[Source information]
++++++++++++++++++++
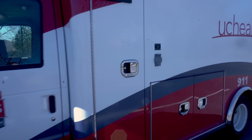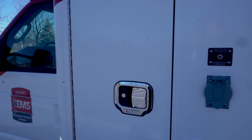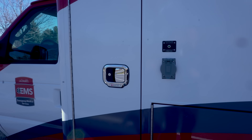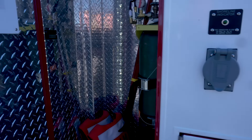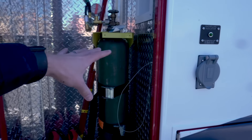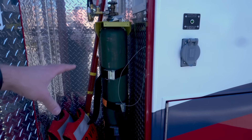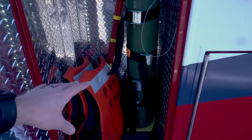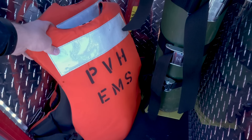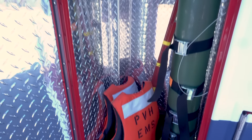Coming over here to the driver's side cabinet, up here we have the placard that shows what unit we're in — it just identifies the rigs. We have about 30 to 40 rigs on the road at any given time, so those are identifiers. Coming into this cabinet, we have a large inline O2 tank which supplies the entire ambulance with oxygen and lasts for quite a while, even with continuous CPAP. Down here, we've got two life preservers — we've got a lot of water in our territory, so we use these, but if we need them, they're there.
++++++++++++++++++++
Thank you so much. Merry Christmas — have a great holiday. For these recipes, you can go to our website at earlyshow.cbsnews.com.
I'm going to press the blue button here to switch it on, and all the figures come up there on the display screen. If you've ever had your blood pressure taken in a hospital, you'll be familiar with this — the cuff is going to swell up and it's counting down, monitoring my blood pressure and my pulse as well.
++++++++++++++++++++
[Problem]
In the listing above, locate the line containing "Thank you so" and the line containing "I'm going to". Extract those two lines and every line between them, exactly as written, and only those.

[Response to this task]
Thank you so much. Merry Christmas — have a great holiday. For these recipes, you can go to our website at earlyshow.cbsnews.com.
I'm going to press the blue button here to switch it on, and all the figures come up there on the display screen. If you've ever had your blood pressure taken in a hospital, you'll be familiar with this — the cuff is going to swell up and it's counting down, monitoring my blood pressure and my pulse as well.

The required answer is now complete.